Willis è nato a Slought, un maleodorante sobborgo piazzato fra Heathrow e Londra. Con la racchetta ci ha provato per anni, rimediando quasi solo delusioni, quando stava per mollare tutto per finire a fare il maestro di tennis in un oscuro circolo americano ha incontrato Jennifer Bate. La donna della sua vita, dentista con un matrimonio fallito e due figli sulle spalle che l’ha convinto a riprovarci, a non mollare. «E io ho fatto quello che mi ha detto», aveva spiegato alla vigilia Marcus il cicciotello, paragonato immediatamente a Cartman, il rotondo protagonista del cartone animato satirico South Park. L’ingresso nelle pre-qualificazioni grazie alle disgrazie altrui, poi sei turni preliminari filati e l’occasione della vita che si materializza in un primo turno in tabellone contro il re del tennis, sul campo più celebre del pianeta. La “Little Britain” che sogna il riscatto è impazzita di felicità. Ieri i suoi tifosi avevano persino suggerito alla BBC una guida per tifarlo, mentre internet si è scatenato alla ricerca di tracce della sua vita precedente (ad esempio a un cambio campo ingurgitava Coca Cola e un dolciume fregandosene dei rotolini addominali).
Tanti, a partire da Federer e Tomas Berdych, lo avevano preso ad esempio («il tennis ha bisogno di storie del genere»), Goran Ivanisevic gli aveva suggerito di «ubriacarsi e ritirarsi appena finito il match». Oggi, l’apoteosi. Tutti tabloid l’hanno seguito passo per passo, paparazzando anche la biondissima e rossettatissima Jennifer mentre entrava all’All England Club e si installava nel box sul Centre Court a fianco dei genitori e della sorella del moroso, entrando direttamente nella top-ten delle wags tennistiche. Ma soprattutto il pubblico dalle tribune lo ha applaudito ed esaltato molto più di Federer, esplodendo ai suoi (pochi) colpi vincenti, ridendo e applaudendo i pugnetti alzati del suo eroe, le sue smorfie da ragazzo da provincia, magari un po’ “ganassa”, ma intelligente a sufficienza da capire che quelli erano i suoi tre set di celebrità.
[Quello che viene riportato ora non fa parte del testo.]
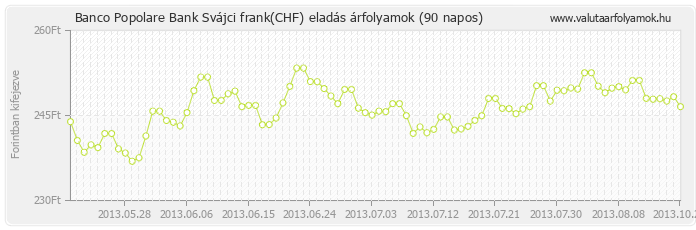 Svájci frank (CHF) - Banco Popolare Bank valuta eladás 90 napos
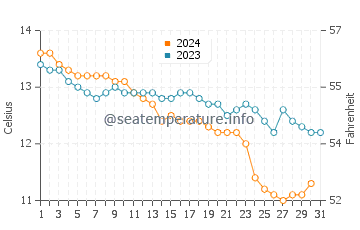 Plozevet water temp chart in December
E che se c’era una chance di svoltare, nella vita prima che nel tennis, doveva acchiapparla al volo senza farsi schiacciare dalla tensione.
Alla fine sono arrivate le lacrimucce, il saluto a braccia levate, e una standing ovation dei tutto il Centre Court come nemmeno dopo la vittoria di Andy Murray nel 2013. Come in un film di Frank Capra, molto meglio che nel mediocre “Wimbledon” girato da Richard Loncraine nel 2004 e giustamente dimenticato. Willis il Carneade insomma per un giorno ha rubato la scena a Federer. E il genio, per primo, è stato grande nell’accettarlo e nel capire la situazione. «Sapevo che oggi sarebbe stato un match diverso dagli altri», ha sorriso alla fine l’ex Number One. «So cosa poteva provare oggi Marcus entrando in campo, mi ha ricordato le sensazioni che ho provato io nel 2001 quando mi sono trovato a sfidare su questo campo Pete Sampras. È stato bravissimo a gestire la situazione, gli faccio i miei migliori auguri per il futuro». A parte il blasfemo paragone (da rosso diretto, se non l’avesse proposto lui…) con quel match leggendario da cui iniziò la leggenda di Federer, tutto giusto (…)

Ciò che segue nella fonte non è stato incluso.